Although the Hare Krishna mantra is rooted in the ancient Vaishnava faith, a monotheistic denomination within the broad Hindu tradition, the practice of chanting – individually and congregationally – is found in most faith traditions. Organizers of the World Holy Name Week are encouraging interfaith gatherings in which different names of God are also glorified.
“The Lord has millions of holy names and you can chant any one of them.” Swami Prabhupada wrote, “Each and every name of the Lord is full of potency.”
The Hare Krishna mantra, which translates as “Oh Supreme Lord, Oh Divine Energy of the Lord, please engage me in Your service,” was first popularized in the west by Krishna followers singing on public streets. The mantra was also featured in the Broadway musical “Hair,” and endorsed by pop culture figures such as Beatle George Harrison, who included it in his hit song “My Sweet Lord.” In recent years, the mantra has gone mainstream with recording artists chanting to packed auditoriums world-wide.

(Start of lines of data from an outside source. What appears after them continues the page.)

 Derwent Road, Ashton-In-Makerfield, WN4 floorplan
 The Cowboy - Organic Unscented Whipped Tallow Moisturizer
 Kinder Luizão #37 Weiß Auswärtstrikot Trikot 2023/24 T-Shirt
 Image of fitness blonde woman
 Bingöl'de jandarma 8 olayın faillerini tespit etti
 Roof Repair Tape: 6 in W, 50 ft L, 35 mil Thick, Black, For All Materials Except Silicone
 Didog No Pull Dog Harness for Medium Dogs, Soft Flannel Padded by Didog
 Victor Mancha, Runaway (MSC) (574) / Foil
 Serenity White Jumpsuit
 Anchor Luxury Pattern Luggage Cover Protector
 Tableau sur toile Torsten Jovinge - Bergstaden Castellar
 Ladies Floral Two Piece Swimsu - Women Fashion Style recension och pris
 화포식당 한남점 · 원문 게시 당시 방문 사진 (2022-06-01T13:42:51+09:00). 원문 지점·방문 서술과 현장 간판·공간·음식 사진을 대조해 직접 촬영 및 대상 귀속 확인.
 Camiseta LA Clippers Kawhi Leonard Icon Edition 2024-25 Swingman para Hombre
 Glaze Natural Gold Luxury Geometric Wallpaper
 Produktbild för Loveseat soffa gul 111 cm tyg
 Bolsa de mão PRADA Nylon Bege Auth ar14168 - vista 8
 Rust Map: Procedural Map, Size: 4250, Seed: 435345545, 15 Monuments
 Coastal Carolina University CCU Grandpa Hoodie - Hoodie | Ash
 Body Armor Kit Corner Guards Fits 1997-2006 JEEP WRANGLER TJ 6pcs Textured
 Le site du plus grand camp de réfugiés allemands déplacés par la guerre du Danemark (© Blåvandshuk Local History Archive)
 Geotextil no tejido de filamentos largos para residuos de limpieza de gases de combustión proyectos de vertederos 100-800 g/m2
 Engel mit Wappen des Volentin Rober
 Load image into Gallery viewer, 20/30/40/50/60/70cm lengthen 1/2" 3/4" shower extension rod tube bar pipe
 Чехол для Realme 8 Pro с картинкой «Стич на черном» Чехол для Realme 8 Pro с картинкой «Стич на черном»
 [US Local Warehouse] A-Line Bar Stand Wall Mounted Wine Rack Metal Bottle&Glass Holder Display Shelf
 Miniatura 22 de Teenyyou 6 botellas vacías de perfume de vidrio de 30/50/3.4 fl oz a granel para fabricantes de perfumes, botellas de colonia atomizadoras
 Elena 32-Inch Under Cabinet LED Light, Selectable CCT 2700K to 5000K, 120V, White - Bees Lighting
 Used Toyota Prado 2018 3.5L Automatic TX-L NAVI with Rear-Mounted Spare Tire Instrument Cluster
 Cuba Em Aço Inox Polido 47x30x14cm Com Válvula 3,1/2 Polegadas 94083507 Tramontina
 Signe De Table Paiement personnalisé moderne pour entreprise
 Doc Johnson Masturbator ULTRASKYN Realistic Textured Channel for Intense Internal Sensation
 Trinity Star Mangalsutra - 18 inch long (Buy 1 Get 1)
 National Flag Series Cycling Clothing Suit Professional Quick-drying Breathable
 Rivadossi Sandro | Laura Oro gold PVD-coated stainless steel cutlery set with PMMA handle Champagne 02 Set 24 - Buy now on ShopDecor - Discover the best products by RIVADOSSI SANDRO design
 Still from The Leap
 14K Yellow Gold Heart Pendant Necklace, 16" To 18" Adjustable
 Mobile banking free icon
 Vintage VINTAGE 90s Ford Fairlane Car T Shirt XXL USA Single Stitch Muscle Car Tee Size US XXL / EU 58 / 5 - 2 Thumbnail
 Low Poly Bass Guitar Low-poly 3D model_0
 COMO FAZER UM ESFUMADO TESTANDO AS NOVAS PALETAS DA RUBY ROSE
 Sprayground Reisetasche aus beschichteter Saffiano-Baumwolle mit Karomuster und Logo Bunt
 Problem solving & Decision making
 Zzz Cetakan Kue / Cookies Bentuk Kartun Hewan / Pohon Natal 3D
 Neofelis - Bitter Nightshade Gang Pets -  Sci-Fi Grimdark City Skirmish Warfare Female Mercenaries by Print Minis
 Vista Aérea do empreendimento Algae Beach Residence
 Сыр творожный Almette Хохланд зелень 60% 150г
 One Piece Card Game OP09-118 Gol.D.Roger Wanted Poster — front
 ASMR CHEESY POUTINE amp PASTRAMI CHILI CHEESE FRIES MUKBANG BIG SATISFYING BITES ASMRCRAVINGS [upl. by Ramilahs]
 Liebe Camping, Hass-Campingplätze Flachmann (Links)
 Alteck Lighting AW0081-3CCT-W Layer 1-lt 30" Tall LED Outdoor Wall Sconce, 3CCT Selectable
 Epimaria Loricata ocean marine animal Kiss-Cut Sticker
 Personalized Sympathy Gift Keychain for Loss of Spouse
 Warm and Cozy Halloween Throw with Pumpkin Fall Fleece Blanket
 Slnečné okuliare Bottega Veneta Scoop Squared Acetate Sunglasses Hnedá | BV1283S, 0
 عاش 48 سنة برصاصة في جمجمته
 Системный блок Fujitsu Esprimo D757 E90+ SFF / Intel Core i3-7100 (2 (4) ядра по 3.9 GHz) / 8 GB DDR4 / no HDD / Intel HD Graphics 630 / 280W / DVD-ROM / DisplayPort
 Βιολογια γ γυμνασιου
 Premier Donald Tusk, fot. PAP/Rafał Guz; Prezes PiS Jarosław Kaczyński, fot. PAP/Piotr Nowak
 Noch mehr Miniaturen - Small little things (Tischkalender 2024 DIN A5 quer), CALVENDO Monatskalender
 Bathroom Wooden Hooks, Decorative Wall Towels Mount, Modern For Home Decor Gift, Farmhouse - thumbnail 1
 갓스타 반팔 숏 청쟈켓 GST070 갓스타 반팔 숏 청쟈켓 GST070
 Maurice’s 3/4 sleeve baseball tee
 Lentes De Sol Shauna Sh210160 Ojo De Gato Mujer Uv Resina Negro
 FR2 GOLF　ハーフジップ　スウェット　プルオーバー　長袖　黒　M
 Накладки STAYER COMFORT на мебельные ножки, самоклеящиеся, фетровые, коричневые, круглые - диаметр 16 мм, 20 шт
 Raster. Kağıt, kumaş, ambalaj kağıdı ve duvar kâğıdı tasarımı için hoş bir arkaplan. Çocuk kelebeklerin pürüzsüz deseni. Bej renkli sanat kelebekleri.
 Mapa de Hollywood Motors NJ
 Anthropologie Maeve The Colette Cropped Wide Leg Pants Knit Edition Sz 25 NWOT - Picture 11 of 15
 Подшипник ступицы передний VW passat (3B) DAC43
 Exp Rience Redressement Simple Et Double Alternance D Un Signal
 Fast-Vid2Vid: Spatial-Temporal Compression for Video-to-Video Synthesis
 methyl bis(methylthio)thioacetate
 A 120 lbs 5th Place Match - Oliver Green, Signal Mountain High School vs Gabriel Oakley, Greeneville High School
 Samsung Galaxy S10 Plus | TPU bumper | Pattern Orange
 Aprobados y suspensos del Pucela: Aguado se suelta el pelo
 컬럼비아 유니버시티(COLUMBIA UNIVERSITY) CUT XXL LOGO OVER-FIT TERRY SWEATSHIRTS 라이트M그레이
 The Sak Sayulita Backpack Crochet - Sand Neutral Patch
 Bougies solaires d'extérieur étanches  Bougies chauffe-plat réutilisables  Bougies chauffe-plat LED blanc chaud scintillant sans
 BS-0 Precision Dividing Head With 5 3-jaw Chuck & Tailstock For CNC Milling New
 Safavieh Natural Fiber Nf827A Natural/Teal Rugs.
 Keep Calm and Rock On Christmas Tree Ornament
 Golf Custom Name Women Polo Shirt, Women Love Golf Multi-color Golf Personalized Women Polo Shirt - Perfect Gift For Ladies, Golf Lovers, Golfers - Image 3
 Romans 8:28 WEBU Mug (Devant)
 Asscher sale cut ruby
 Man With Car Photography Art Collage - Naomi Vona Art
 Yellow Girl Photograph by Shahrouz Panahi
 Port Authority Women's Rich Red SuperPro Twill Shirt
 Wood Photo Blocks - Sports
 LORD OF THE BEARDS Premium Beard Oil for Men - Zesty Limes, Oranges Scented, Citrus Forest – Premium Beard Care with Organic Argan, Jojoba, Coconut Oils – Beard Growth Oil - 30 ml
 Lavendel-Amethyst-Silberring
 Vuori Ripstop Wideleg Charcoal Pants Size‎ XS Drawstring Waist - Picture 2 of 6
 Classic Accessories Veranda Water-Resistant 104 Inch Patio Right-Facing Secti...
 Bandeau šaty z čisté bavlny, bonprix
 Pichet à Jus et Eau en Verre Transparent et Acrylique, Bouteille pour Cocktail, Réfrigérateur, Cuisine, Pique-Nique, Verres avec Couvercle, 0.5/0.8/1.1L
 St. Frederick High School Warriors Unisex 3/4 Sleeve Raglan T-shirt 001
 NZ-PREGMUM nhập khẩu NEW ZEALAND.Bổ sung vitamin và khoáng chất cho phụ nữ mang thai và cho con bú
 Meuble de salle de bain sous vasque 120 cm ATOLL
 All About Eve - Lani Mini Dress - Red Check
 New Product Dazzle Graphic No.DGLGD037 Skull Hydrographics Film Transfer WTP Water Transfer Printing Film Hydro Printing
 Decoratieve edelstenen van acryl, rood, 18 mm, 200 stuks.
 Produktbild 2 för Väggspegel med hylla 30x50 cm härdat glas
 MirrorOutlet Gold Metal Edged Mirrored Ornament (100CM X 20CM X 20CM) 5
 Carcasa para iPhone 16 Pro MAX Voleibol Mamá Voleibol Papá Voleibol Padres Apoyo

World Holy Name Day will be marked in a variety of ways by the more than 400 temples and centers affiliated with ISKCON, popularly known as the Hare Krishna movement. Activities will include 24-hour chanting marathons, public festivals and chanting demonstrations, and seminars and workshops on the significance behind the chant.
Chanting of the Hare Krishna mantra goes back thousands of years. However, it gained prominence in the early 16th century, when a Bengali mystic named Chaitanya Mahaprabhu revitalized the devotional tradition by introducing an expansive spiritual movement that swept India. Central to this renaissance was Chaitanya’s emphasis on the chanting of Krishna’s name. Chaitanya challenged the taboos of caste-conscious orthodox Hindus by bringing the chanting into the public square, and by awarding equal access to chanting for women, outcastes, and non-Hindus. ISKCON is a vibrant continuation of the movement Chaitanya began.
Following in Chaitanya’s footsteps, when Swami Prabhupada arrived in America he sat beneath a large elm tree in New York City’s Tompkins Square Park and held the first outdoor chanting session outside of India. In 2001, the city of New York recognized this historic event by officially naming the elm the “Hare Krishna Tree” and erecting a plaque describing its significance.